BEGIN
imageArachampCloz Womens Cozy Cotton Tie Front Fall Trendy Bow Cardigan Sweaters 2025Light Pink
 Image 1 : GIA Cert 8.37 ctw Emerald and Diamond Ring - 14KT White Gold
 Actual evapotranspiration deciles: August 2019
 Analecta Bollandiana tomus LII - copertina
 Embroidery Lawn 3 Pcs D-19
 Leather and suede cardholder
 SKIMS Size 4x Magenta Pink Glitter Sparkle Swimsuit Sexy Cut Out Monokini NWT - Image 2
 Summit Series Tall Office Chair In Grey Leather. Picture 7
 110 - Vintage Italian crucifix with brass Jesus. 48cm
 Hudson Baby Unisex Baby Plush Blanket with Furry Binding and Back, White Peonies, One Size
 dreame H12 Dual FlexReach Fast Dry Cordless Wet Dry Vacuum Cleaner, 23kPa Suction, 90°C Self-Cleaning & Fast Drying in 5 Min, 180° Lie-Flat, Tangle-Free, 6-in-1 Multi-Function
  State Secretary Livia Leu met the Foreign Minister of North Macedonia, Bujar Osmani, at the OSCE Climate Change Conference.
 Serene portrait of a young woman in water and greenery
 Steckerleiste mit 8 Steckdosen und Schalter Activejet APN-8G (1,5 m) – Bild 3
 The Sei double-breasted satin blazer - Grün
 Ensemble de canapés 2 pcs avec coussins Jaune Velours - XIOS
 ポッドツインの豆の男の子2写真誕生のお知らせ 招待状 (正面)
END
| Action item |
Once you have read the records above, write them all out exactly.

| Answer area |
imageArachampCloz Womens Cozy Cotton Tie Front Fall Trendy Bow Cardigan Sweaters 2025Light Pink
 Image 1 : GIA Cert 8.37 ctw Emerald and Diamond Ring - 14KT White Gold
 Actual evapotranspiration deciles: August 2019
 Analecta Bollandiana tomus LII - copertina
 Embroidery Lawn 3 Pcs D-19
 Leather and suede cardholder
 SKIMS Size 4x Magenta Pink Glitter Sparkle Swimsuit Sexy Cut Out Monokini NWT - Image 2
 Summit Series Tall Office Chair In Grey Leather. Picture 7
 110 - Vintage Italian crucifix with brass Jesus. 48cm
 Hudson Baby Unisex Baby Plush Blanket with Furry Binding and Back, White Peonies, One Size
 dreame H12 Dual FlexReach Fast Dry Cordless Wet Dry Vacuum Cleaner, 23kPa Suction, 90°C Self-Cleaning & Fast Drying in 5 Min, 180° Lie-Flat, Tangle-Free, 6-in-1 Multi-Function
  State Secretary Livia Leu met the Foreign Minister of North Macedonia, Bujar Osmani, at the OSCE Climate Change Conference.
 Serene portrait of a young woman in water and greenery
 Steckerleiste mit 8 Steckdosen und Schalter Activejet APN-8G (1,5 m) – Bild 3
 The Sei double-breasted satin blazer - Grün
 Ensemble de canapés 2 pcs avec coussins Jaune Velours - XIOS
 ポッドツインの豆の男の子2写真誕生のお知らせ 招待状 (正面)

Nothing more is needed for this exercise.